Com uma pressão intensa, com o intuito de barrar o pensamento construtivo do Benfica e entupir o desenvolvimento das jogadas, o Zenit sufocou os canais de comunicação da defesa e do meio-campo do Benfica, deixando os extremos e avançados à míngua. A velocidade de Shatov, Hulk e Danny, deixou o processo de transição primário dos encarnados encravado - Jardel sem capacidade de desenrolar jogo, Samaris desorientado enquanto pivot defensivo e Enzo desligado do centro de decisão das jogadas: um Benfica engasgado contra um Zenit subido e pressionante.

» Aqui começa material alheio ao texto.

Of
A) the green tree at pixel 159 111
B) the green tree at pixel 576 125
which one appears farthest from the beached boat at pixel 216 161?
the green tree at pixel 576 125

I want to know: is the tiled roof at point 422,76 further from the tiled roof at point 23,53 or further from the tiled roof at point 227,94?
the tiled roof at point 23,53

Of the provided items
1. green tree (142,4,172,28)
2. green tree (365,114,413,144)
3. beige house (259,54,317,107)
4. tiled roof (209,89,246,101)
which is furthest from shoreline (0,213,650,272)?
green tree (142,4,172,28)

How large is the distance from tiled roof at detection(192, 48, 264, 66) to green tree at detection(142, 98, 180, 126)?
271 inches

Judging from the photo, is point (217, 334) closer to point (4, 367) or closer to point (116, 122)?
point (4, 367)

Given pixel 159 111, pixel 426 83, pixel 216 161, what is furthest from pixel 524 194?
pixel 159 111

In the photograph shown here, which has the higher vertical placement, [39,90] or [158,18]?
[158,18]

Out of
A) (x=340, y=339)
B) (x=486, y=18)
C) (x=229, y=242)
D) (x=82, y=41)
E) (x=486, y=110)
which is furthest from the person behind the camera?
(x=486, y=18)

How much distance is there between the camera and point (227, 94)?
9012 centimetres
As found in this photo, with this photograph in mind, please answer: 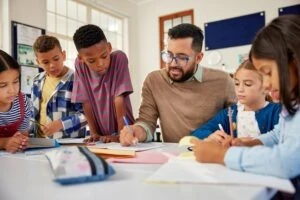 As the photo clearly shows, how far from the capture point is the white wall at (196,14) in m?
4.42

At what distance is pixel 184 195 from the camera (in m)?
0.51

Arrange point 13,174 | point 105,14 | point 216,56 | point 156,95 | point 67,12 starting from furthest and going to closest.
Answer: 1. point 105,14
2. point 216,56
3. point 67,12
4. point 156,95
5. point 13,174

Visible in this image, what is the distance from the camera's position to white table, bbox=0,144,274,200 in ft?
1.65

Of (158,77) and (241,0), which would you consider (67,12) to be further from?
(158,77)

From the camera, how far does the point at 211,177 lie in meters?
0.60

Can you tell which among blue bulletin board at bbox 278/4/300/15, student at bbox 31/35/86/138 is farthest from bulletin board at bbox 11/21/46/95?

Os golos do Zenit transparecem o que acima é dito: perdas de bola dos encarnados na fase prematura da construção de jogo, passes errados sob pressão conjuntural (subida homogénea do Zenit, poucas linhas de passe para os defesas do Benfica) e resposta rápida e letal dos russos, com diagonais furtivas nos espaços dados pelos defesas encarnados. Tanto o primeiro golo como no lance da expulsão de Artur, o Zenit ganhou com a incerteza e tremura na saída de bola do oponente.

Chegará o 4-4-2 do Benfica para invadir São Petersburgo?

A pergunta é lógica e suscita-se sempre que o Benfica enfrenta uma formação de tarimba superior àquelas que normalmente encontra nas competições domésticas: chegará o habitual esquema táctico do Benfica para bater a oposição de uma equipa bem estruturada, com forte combatividade a meio-campo e três jogadores posicionados no centro do terreno, contra o duplo pivot do Benfica, assente em Samaris (médio defensivo) e Enzo (médio polivalente de construção)? A realidade dos resultados tem respondido que não.

Tendo em conta que o nível competitivo da Liga dos Campeões é bem diferente do da Liga Europa e colossalmente diferente do campeonato nacional, os resultados do Benfica na prova dos milhões têm mostrado um Benfica pouco consistente, permeável ao domínio dos adversários e normalmente incapaz de ultrapassar a fase de grupos - apenas por uma vez o Benfica de Jesus passou os grupos da «Champions». Nesta temporada, os encarnados apenas venceram um jogo em quatro realizados.

Quais as razões dessa crónica incapacidade? Apesar do Benfica ser constituído por executantes de alto calibre, dotados tecnicamente e capazes de tolher a concentração e marcação dos oponentes, a verdade é que o sistema táctico utilizado e as dinâmicas a ele inerentes deixam a estrutura encarnada exposta às virtudes combativas de adversários competentes na pressão, na ocupação de espaços e na anulação das peças do meio-campo encarnado, refém de um duplo pivot que pode facilmente ser isolado tacticamente - algo que Zenit e Bayer Leverkusen conseguiram fazer com eficácia.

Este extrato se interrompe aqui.